Equivalent fractions represent the same ratio, even though they may look different. As with many concepts in math, a good way to practice identifying equivalent fractions is by playing games. Lots of games exist that you can use to develop this skill and fortunately, you can adapt them for different skill levels.
You can play matching games on the computer or by using index cards. Give students a set of three pairs of fractions and ask them to identify the pair that is equivalent. The fractions could be represented visually, as partially shaded circles, or in number form. The student either clicks on the matching pair or selects the two matching index cards to move on to the next set.

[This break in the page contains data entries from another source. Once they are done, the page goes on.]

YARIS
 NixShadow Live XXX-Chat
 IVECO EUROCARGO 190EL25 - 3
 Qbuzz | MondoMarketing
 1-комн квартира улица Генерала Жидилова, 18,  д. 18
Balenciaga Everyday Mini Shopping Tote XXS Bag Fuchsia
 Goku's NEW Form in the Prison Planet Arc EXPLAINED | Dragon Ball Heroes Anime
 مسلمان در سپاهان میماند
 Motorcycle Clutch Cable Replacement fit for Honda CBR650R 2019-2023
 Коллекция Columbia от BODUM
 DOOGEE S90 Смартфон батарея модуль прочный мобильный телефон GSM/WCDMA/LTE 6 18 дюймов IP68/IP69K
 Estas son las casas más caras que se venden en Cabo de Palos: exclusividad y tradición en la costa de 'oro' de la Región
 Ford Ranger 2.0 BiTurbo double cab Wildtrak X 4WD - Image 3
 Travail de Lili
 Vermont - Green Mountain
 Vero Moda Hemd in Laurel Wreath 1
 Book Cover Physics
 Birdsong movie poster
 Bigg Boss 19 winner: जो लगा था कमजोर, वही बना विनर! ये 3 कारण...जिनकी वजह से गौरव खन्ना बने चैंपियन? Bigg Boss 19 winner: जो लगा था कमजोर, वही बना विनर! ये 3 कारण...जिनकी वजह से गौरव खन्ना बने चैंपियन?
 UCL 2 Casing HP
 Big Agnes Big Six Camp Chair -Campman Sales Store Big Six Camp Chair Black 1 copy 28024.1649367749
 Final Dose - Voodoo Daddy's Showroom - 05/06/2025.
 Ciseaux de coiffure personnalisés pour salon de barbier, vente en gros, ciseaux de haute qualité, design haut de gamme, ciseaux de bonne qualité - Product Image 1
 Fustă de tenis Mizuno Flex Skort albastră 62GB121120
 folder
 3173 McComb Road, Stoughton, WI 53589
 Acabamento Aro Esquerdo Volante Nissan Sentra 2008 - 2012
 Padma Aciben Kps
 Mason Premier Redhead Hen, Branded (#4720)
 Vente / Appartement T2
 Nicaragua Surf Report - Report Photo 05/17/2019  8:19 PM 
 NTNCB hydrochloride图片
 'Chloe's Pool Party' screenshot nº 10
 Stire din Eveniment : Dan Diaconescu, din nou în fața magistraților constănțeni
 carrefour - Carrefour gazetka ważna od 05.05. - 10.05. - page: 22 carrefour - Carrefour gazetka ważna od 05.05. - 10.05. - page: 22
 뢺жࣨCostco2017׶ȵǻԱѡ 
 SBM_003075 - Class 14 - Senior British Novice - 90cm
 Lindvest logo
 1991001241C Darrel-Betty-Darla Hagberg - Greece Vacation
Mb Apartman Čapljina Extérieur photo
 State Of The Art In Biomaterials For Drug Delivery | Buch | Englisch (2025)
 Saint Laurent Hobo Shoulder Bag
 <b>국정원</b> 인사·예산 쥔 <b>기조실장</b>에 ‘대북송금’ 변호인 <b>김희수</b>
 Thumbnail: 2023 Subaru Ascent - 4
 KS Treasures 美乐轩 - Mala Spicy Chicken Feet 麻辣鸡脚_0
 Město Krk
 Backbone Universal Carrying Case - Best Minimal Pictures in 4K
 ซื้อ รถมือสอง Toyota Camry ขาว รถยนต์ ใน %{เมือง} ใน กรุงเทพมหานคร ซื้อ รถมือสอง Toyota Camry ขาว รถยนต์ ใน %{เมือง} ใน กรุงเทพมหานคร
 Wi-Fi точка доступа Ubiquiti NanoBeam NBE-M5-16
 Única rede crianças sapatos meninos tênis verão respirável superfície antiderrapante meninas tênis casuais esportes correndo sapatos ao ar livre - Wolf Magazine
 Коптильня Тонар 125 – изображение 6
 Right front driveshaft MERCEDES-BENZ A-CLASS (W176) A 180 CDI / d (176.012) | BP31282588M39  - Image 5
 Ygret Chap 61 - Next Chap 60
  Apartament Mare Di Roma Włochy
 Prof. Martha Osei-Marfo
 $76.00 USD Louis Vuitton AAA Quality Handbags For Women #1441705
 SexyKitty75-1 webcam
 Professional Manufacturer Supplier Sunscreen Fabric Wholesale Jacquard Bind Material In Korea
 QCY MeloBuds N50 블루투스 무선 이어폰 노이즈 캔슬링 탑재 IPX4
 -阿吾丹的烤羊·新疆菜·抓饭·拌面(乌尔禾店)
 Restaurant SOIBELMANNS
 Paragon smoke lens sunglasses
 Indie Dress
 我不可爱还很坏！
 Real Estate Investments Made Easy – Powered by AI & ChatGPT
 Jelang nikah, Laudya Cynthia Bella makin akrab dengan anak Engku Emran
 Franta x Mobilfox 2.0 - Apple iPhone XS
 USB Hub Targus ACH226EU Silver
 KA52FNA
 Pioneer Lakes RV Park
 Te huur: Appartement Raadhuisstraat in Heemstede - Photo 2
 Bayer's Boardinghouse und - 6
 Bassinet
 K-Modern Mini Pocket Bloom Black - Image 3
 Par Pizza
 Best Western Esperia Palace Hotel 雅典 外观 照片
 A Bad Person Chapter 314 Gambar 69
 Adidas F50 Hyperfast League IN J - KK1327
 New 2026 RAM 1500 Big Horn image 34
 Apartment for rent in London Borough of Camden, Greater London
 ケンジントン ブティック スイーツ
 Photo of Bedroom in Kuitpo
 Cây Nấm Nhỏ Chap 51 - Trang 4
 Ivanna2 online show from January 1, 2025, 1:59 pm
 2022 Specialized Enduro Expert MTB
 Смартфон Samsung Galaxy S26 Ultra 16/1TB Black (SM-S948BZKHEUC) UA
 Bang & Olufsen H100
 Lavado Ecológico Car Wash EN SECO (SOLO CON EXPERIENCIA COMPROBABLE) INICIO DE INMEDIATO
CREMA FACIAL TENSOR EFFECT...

Play equivalent fraction bingo as a class: Select a student to write a fraction on the board -- either a number or a shaded circle, depending on how well the class grasps the concept. Students then search their boards to find and cover the equivalent fraction. Once they've covered an entire row of equivalent fractions, they draw a bingo. Alternatively, students could play this game in small groups or individually on the computer.
Number Line Games
Have students draw index cards with fractions displayed visually as shaded circles and instruct them to plot those fractions in order on a number line. Equivalent fractions will land on the same place between 0 and 1. Another way to incorporate number lines is to give students number lines with fractions already placed on them, and provide them with a separate set of fractions, equivalent to those on the number line. Students then match the equivalent fractions so they are all on the number line.
Odd Fraction Out
Using index cards or the computer, show students four fractions, three of which are equivalent. Students have to select the fraction that is not equivalent, either by clicking on it or removing it from the group of four. Each round that they complete correctly leads them toward some kind of prize, like candy or extra credit points. Like the others, this game can be made easier by representing the fractions as shaded circles instead of numbers.